**TASK DETAILS**
Keep the pictures out. Write out every line of the listing exactly.

**SUPPLIED MATERIAL**
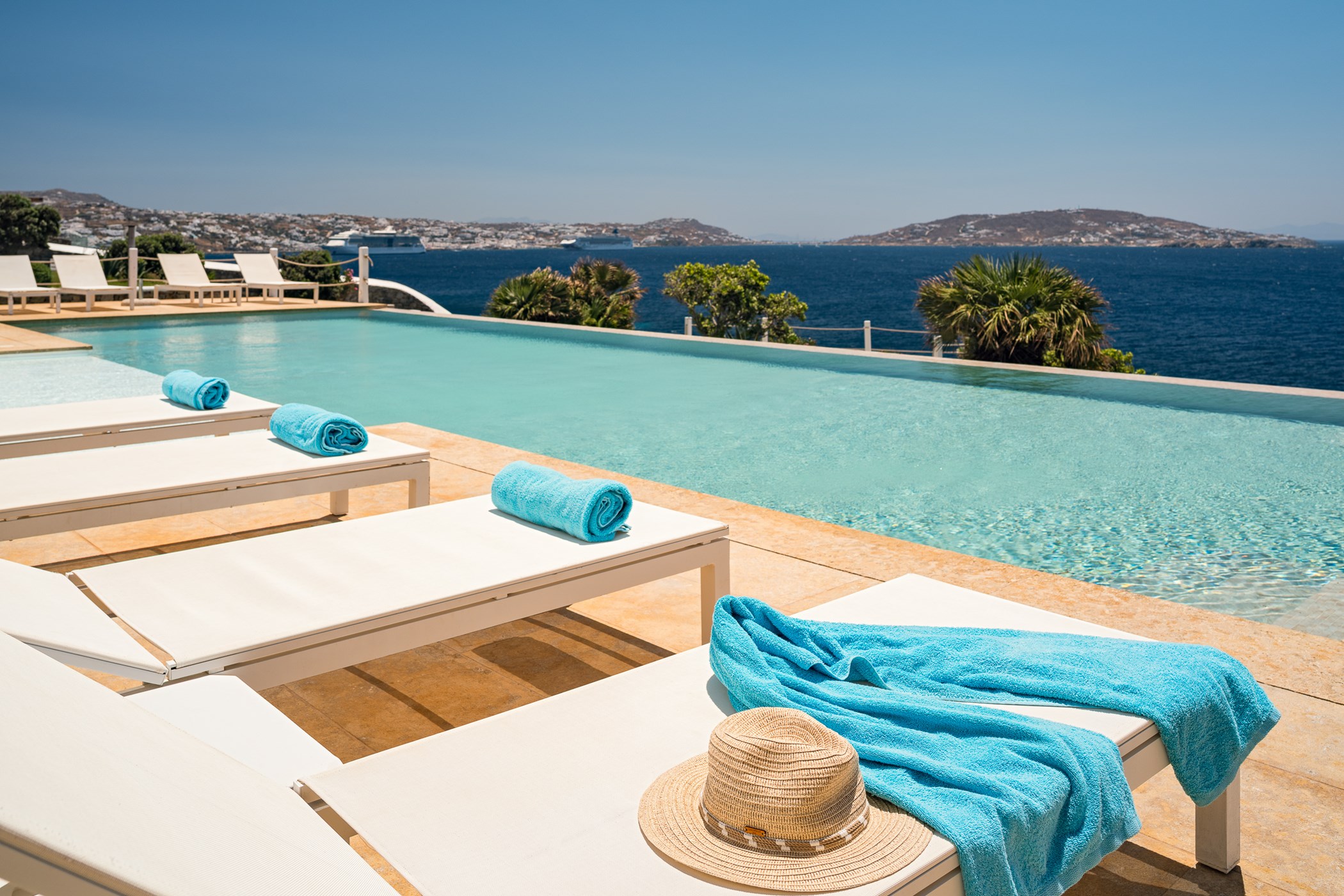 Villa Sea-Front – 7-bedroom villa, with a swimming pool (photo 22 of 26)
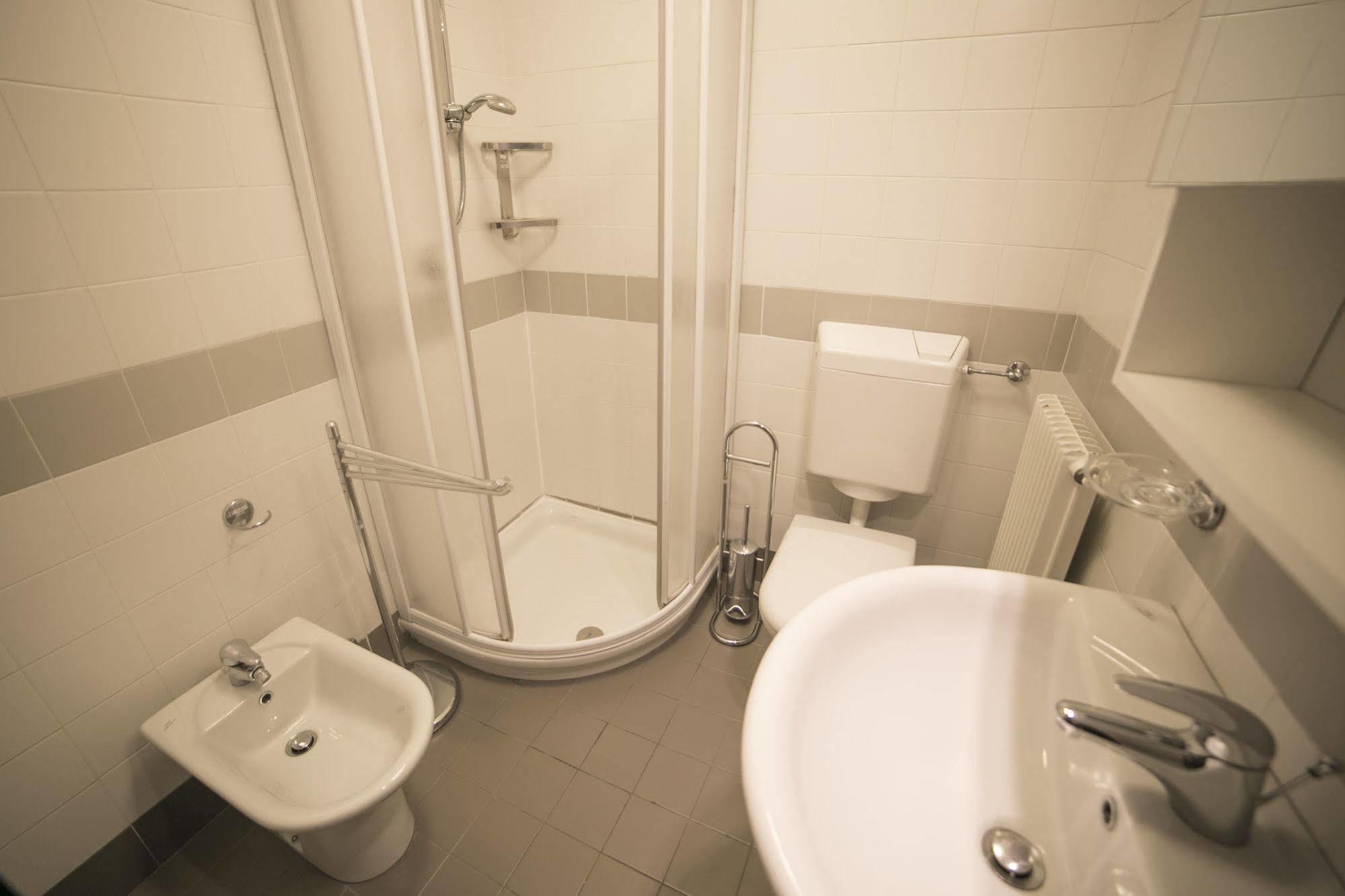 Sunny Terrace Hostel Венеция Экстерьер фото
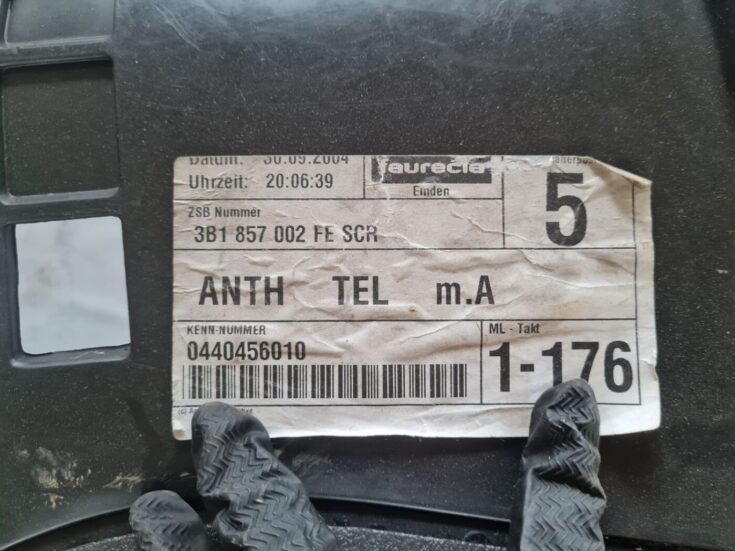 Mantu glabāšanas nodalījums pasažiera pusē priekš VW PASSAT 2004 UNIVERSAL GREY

**SOLUTION FOR THIS TASK**
 Villa Sea-Front – 7-bedroom villa, with a swimming pool (photo 22 of 26)
 Sunny Terrace Hostel Венеция Экстерьер фото
 Mantu glabāšanas nodalījums pasažiera pusē priekš VW PASSAT 2004 UNIVERSAL GREY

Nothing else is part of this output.